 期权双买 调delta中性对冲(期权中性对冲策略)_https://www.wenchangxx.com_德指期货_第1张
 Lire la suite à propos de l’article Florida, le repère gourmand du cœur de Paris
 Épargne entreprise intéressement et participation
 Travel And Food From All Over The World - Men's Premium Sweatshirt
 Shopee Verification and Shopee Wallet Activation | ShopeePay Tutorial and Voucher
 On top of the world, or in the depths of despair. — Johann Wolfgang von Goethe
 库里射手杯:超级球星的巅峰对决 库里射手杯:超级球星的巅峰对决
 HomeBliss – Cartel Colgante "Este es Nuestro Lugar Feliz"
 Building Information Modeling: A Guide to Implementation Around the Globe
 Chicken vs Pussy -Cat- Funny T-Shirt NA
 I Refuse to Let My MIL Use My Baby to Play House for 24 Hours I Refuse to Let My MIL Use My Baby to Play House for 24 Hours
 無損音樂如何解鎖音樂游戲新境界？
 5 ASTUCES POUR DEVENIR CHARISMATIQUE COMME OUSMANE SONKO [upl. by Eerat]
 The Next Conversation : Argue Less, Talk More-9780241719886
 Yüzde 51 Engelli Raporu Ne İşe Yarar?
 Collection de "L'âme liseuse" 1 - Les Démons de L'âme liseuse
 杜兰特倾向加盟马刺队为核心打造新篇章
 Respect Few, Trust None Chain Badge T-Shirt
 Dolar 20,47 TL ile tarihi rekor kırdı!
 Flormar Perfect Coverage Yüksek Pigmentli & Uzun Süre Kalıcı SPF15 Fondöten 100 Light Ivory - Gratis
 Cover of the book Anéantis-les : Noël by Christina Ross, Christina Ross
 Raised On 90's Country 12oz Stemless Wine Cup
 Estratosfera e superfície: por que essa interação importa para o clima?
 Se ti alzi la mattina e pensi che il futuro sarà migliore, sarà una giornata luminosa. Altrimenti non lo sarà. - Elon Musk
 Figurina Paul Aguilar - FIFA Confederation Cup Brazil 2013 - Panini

....

Problem details :: For the material above, reproduce exactly the lines from the line with "Flormar Perfect Coverage" to the line with "Se ti alzi la", inclusive, and exclude all others.

Reply to the task ::
 Flormar Perfect Coverage Yüksek Pigmentli & Uzun Süre Kalıcı SPF15 Fondöten 100 Light Ivory - Gratis
 Cover of the book Anéantis-les : Noël by Christina Ross, Christina Ross
 Raised On 90's Country 12oz Stemless Wine Cup
 Estratosfera e superfície: por que essa interação importa para o clima?
 Se ti alzi la mattina e pensi che il futuro sarà migliore, sarà una giornata luminosa. Altrimenti non lo sarà. - Elon Musk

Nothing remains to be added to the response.